I hate going to barber shops. If you think about it, you’re about as vulnerable as you’ll ever be in public. You’re sitting in a low chair, with an apron inhibiting your movement. There’s someone hovering over you, wielding sharp instruments. Sometimes you have to tilt your head back, exposing your throat. Your eyes are closed half the time to keep out the hair, the waterspray, the talc and the scissors.
And the whole time, the barber talks as though he’s trying to lull you into a false sense of security. That’s why I rarely talk back—I don’t want to be caught off guard. That, and I want the barber to focus: I got cut pretty badly when I was eight.
Anyhow, this afternoon I strolled into my regular barber shop, and got an older Italian lady who cut my hair a few times before. She usually tells some pretty lame jokes featuring blonde secretaries and correction fluid. So, when she launched into her story, I simply stared straight ahead and prepared to feign interest.
She began: “Did you hear about those people who died from the spider bites?”
I hadn’t heard this one before.
Me: “Um, no.”
Her: “Yeah, my friend was telling me it was in the news.”
That’s usually code for, “It’s an urban legend I haven’t checked out on my own.” But it didn’t sound like it was going to be a bad joke, so I tried to keep it rolling for variety’s sake.
Me: “What type was it? Brown recluse?”
Her: “No. My friend said it was whitish-yellow, almost translucent.”
Me: “Really? Where was this?”
Her: “This was in town, over at the Olive Garden.”
Me: “What?”
Her: “Yeah, some businessman accidentally brought them over on a plane from India. He went to the Olive Garden, they got into the restroom, and they hid under the toilet seat. They bit three people, and they died a few days later.”
Me: “Did they know they’d been bitten?”
Her: “No, you don’t feel it at first. You don’t even notice. It just kind of… swells, and turns red, and a few days later, that’s it.”
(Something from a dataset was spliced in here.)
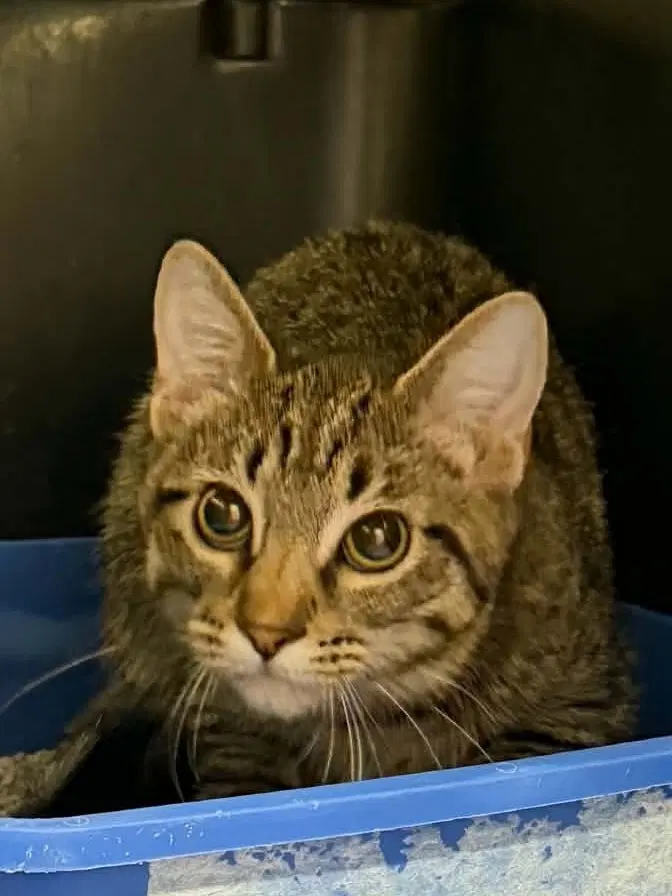 Mince - Domestic Short Hair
Me (now trying to get her to pick up on my incredulity): “And they don’t notice the spider biting them?”
Her: “I guess not.”
At this point, I changed the subject to Italian restaurants, a seemingly (to non-paisan) safe topic. But the more we talked, the more nervous I got—not because I eat at the Olive Garden, because I don’t, and not because I believed her story, because I didn’t. Besides, I already check under the toilet seat for insects, arachnids, monsters and demons.
I was worried because it seemed like she was trying to play a prank on me. Pranks are fine, but not when they might involve sudden, unpredictable movements near very sharp objects. Like scissors. Perhaps she had a fake white spider that she’d put on my shoulder, or my apron, or maybe it would be on the floor, or in a drawer. She’d either be looking for a sudden physical reaction from me, or try to elicit one by acting surprised by the fake spider.
I didn’t like it. The more I thought about the three imaginary people who were imaginarily killed by imaginary white-and-yellow spiders under real-life toilet seats at the Olive Garden, the more nervous I got. I just knew a fake spider was going to make an appearance sooner or later. I envisioned jumping out of my seat and getting impaled on a real-life pair of scissors. I tried to calm down—after all, if I were expecting the spider, I wouldn’t jump, right? Besides, she’d at least be careful enough to put the scissors down first. And even if she weren’t careful enough, what were the odds that I’d actually hit the scissors at just the right angle and with just enough force that it would pierce my skin?
Or sever an artery?
Or pierce an eardrum?
Of course, in her attempt to feign horror at the sudden appearance of that venomous little bastard, she might jump. And if she did that with scissors in her hands, I might lose an earlobe, or worse.
I tried to focus as much as possible throughout the rest of the haircut in the hopes that I could somehow keep her from playing the fake rubber spider trick. She never did, so I’m either paranoid or telepathic.
I got up, paid, left, went home, and checked the Internet for more information about this hoax. By the way, there’s just enough room under a mouse or a laptop for a spider to hide. Sometimes the spider in question is the telamonia dimidiata, sometimes it’s the non-existent arachnius gluteus, or “butt spider.”
Either way, it’s nonsense, and I need to find a mute barber.
3 Comments
- Doctor Hmnahmna Says:
For the past few years, my barber has been Mrs. Hmnahmna. So if she ever comes to her senses, I’m in big trouble.
April 21st, 2008 at 6:13 pm
- Vincent Viscariello Says:
She hasn’t had much work to do, has she?
If it makes you feel any better, my barber said I was getting a little “sparse” up top myself. I hope she wasn’t expecting a tip.
April 21st, 2008 at 7:45 pm
- Doctor Hmnahmna Says:
No she doesn’t. But the price is right, considering barbers don’t give discounts because you have less hair.